The discovery of my old school magazine from 1987 has made me even more proud to be associated with Founders4Schools, an ambitious tech-led non-profit, whose mission is to improve the life chances of students by giving them access to inspiring business leaders in their community.
First up, though - a confession. Any of my previous (or current) employers, or teachers - you may want to skip this bit.
Business training is rubbish.
Any course that I've been sent on, whilst at school or in work, I have always been the one at the back, chewing my pencil and trying to arrange my features in a "I'm listening and open to this learning experience" face. I have always had a suspicion of anything that markets itself to the business community as "the new way" of doing anything, preferring to find mentors and advisers, and learn on the job.
With the discovery of a pile of old school magazines, I'm beginning to make sense of this.

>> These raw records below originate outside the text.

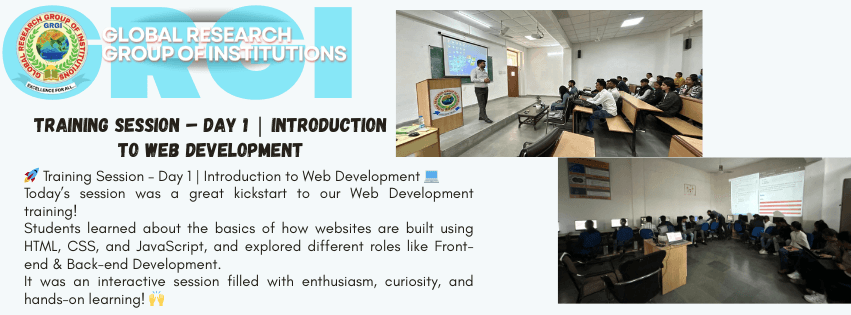 Web Development Session Training Session – Day 1 | Introduction to Web Development - GRGI ...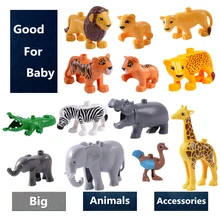 Модель животных строительные блоки аксессуары детские игрушки Сделай Сам Совместимость с Duploe набор животных корова Жираф Блок Наборы кубиков подарки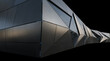 © MdShahajan - Modern architectural facade with sharp, angular dark panels and reflective triangular glass windows, creating a dynamic and contemporary building exterior against a black void.
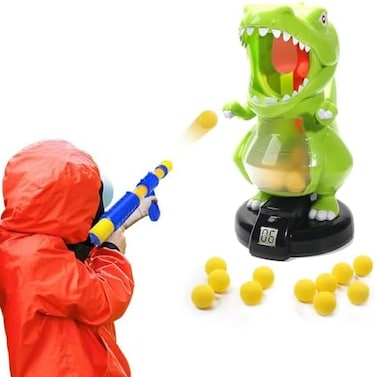 EagleStone Dinosaur Shooting Toys for Boys 5 6 7 8 9 Years Old, Electronic Kids Target Games w/ Air Pump Gun, LCD Score Record, Sound, 24 Foam Balls, Birthday Party Favor,Christmas Gifts for Toddlers.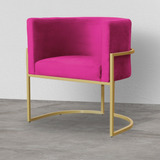 Cadeira Luna Para Penteadeira Base Dourada Veludo Pink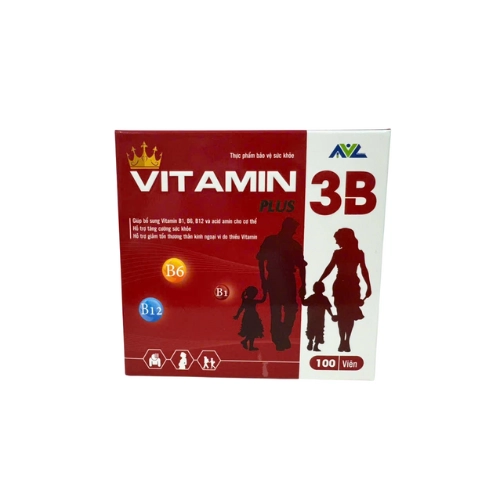 Bổ sung vitamin B, tăng cường đề kháng Vitamin 3B Plus AVC hộp 100 viên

The 1987 school magazine contains my article about the "Challenge of Industry" conference (alongside the ads for secretarial colleges) that I had been selected to attend. As an exercise in persuading a teenage girl not to go into business it was perfectly conceived. Held at the local boys' school, highlights of this day included negotiating with the trade unions over the length of coffee breaks (25 or 15 minutes?), undertaking a disciplinary hearing for a night watchman who was absconding to the pub, and dealing with the product launch of wire bound notebooks, which was delayed by strikes. Delivered by a "tall man in a pinstripe suit who resembled in voice and actions John Cleese", you don't need to read between the lines to conclude that there was at least one attendee who would rather have been left to organise - as the school magazine relates - German Club, Drama Club or the sketching in Paris school trip.

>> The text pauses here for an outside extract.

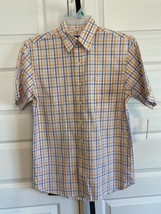 Izod Luxury Sport Small  Cotton Short Sleeve Plaid Button Fron Shirt Msr... - £14.99 GBP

Fast forward to the '90s and a series of business training days organised by UCL. The general gist of these were military style training days where we were driven to deepest Somerset, left in a field with a tent and then asked to make a raft in the morning. This time it was the Big 4 accountancy firms sponsoring the weekends.
Both times, I was selected without any form of preamble, suggestion or discussion - it seems that academic staff were happy to send this young woman along to business training, and eventually their intuition proved correct.
However, they all missed a trick. If the idea was to get me into business, all they needed to do was give me 5 minutes with one of the many charismatic, inspirational and individual women that were hard at work carving out careers and growing businesses.
The day Goldman Sachs did that in a small and stuffy room towards the end of my postgraduate studies in Cambridge, was the day that I became a business evangelist. These women didn't need tents or rafts, pinstripe suits or industrial disputes to persuade me that working in a growth industry (at the time, investment banking), was a good thing for a woman to do. The talk was of new business products - automated trading, ecommerce - independence, travel, the chance to earn great money and build a business.
Sometimes, all it takes is five minutes - and F4S has facilitated 77,374 student-employer encounters in the classroom, to talk to students about the jobs they might hold or create in the future. No coffee break negotiations or pinstripe suit in view.